EGU24-11026, updated on 08 Mar 2024
EGU General Assembly 2024
© Author(s) 2024. This work is distributed under
the Creative Commons Attribution 4.0 License.

Downscaling ESA CCI Soil Moisture: From 0.25° to 0.01° using a two-step machine learning approach

Thomas Himmer1, Carolina Damm1, Luca Zappa1,2, and Wouter Dorigo1
Thomas Himmer et al.
  • 1TU Wien, Research Group Climate and Environmental Remote Sensing, Department of Geodesy and Geoinformation, Austria (
  • 2Environment Agency Austria

Soil moisture (SM) is a key component of the Earth system and a key factor in climatological and hydrological processes as it regulates water, carbon and energy fluxes between land and atmosphere. For various applications – including monitoring and forecasting of hydro-climatic extremes (floods, droughts), forest fires, and crop yield estimation – high-resolution SM information is required. Currently, the ESA CCI (Climate Change Initiative) product provides a long-term, global record of SM with daily temporal resolution and a spatial resolution of 25km (0.25°). This coarse resolution can limit its usefulness in some of the mentioned fields of application.

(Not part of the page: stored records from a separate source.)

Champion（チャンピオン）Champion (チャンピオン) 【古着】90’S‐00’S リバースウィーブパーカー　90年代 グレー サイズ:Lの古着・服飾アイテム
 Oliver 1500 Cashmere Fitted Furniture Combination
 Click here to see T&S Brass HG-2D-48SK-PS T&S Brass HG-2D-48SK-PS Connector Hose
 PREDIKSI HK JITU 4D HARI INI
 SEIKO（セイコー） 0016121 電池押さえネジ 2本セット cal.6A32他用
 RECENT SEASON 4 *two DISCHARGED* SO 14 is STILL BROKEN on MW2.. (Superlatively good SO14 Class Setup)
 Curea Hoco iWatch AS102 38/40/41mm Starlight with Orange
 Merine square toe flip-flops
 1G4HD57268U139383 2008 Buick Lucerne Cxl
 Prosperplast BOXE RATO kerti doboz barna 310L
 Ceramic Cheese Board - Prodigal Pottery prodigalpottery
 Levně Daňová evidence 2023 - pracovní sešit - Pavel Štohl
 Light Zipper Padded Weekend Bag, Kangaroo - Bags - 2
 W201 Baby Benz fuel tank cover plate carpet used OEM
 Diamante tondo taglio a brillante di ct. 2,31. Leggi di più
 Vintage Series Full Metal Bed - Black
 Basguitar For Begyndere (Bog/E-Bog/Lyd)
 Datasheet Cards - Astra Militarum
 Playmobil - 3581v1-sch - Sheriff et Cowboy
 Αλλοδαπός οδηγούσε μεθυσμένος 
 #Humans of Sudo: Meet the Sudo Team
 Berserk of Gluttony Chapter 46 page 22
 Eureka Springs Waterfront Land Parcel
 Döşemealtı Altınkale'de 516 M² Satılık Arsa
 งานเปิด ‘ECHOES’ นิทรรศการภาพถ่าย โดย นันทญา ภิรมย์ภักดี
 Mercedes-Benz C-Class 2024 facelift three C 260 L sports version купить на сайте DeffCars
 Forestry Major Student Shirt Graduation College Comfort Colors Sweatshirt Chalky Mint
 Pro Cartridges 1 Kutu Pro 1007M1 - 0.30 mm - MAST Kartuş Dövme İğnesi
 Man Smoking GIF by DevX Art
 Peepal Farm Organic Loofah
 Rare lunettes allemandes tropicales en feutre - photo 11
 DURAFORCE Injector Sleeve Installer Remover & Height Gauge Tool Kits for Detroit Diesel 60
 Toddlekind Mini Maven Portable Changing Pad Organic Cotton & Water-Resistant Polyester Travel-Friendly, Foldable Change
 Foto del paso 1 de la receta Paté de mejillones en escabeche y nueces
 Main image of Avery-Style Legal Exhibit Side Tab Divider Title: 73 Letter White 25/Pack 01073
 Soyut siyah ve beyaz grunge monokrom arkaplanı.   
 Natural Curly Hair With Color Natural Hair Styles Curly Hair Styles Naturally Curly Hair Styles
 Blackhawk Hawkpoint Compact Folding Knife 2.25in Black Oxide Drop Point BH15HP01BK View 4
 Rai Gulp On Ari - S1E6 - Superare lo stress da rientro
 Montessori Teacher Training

This study aims to improve the spatial resolution of the ESA CCI SM product to 1km (0.01°) through machine learning, incorporating dynamic and static ancillary variables influencing the spatial organization of SM at this finer scale. This procedure consists of two steps, in which the coarse resolution data is first downscaled to 0.05° and then further to 0.01°. Currently, the ancillary variables used in the downscaling process consist of land cover information from the Copernicus Global Land Service (CGLS) including soil properties, land cover types, the Normalized Difference Vegetation Index (NDVI) and a digital elevation model. Recent assessments against in-situ measurements from the International Soil Moisture Network (ISMN) across Europe reveal that the downscaled SM offers a more detailed portrayal of the spatial distribution of SM compared to the original ESA CCI product while retaining the high temporal accuracy. However, these investigations also show that the impact of the NDVI on the model prediction is small.

In future iterations of the downscaling model, the goal is to explore possibilities for incorporating more influential variables that achieve greater information gain (e.g. Land surface temperature) and to examine other machine learning approaches in addition to the currently used random forest regressor to further improve the downscaling accuracy.

How to cite: Himmer, T., Damm, C., Zappa, L., and Dorigo, W.: Downscaling ESA CCI Soil Moisture: From 0.25° to 0.01° using a two-step machine learning approach, EGU General Assembly 2024, Vienna, Austria, 14–19 Apr 2024, EGU24-11026,, 2024.